La deuxième partie concerne la santé mentale, c’est la partie qui consiste en mon activité principale : nous sommes enfermés dans une station, livrés à nous même, avec des ressources en énergie, en eau et en nourriture rationnées, loin de nos proches, sans moyen de communication avec eux. Psychologiquement, on peut vite être très affectés par ce contexte. Il est important d’installer une routine et de mettre en place des activités qui peuvent nous remotiver, nous faire nous sentir mieux : sport, méditation, activités de cohésion, jeux de détente. C’est aussi à cela que sert le planning créé par le commandant. De plus, un bon HSO selon moi doit être attentif aux autres et aux signes de baisse de moral. C’est un contexte déstabilisant, il est normal que certains aient des moments de faiblesse, c’est dans ces moments que le HSO doit être disponible.

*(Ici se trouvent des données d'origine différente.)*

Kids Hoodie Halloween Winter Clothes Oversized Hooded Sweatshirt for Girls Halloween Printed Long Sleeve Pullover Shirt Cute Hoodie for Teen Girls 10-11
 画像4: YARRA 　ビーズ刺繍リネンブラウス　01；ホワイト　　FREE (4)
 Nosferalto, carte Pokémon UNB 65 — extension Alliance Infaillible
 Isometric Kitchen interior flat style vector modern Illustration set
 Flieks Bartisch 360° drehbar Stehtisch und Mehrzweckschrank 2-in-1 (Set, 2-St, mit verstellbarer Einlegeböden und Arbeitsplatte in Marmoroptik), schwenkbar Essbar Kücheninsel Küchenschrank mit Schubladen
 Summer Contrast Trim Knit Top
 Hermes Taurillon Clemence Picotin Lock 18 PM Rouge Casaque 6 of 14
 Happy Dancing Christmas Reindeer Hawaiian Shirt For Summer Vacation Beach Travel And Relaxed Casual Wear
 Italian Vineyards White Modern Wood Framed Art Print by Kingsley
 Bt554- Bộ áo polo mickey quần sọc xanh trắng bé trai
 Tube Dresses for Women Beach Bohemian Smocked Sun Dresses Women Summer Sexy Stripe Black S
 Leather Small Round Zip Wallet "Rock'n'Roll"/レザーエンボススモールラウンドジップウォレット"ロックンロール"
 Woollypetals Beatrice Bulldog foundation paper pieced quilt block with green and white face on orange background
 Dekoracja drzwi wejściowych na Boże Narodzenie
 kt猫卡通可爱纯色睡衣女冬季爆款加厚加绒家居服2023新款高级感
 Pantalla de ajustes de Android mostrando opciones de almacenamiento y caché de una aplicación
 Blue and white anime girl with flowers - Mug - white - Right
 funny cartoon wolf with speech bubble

Enfin, la dernière partie concerne la sécurité, qui est la priorité numéro 1 à la MDRS, avant la simulation. Cette partie est assurée en collaboration avec d’autres membres, dont l’ingénieur de bord, et le commandant. Je dirai qu’il s’agit de l’élaboration et de l’application des protocoles qui nous empêchent d’être en danger. Par exemple, la vérification régulière des alarmes, du niveau d’eau, et du niveau d’énergie, qui sont réalisés par François notre ingénieur de bord. Les protocoles les plus importants sont ceux qui définissent notre notion du danger. Ceux-là sont en partie réglementés par la MDRS, mais il nous faut aussi faire des choix : Si un membre d’équipage perd son micro lors d’une EVA, que fait-on ? C’est le genre de question qu’il faut se poser, ensemble, et dont les réponses deviendront indiscutables lors de la mission.
- Super, ça me paraît très clair ! Et plus personnellement, pourquoi as-tu voulu être la HSO de cet équipage ?
- J’avais demandé à être HSO pour plusieurs raisons. D’abord, j’ai un diplôme de secouriste et ma formation m’a appris à développer des réflexes pour réagir en cas d’urgence : malaise, arrêt cardiaque, hémorragie, brûlures...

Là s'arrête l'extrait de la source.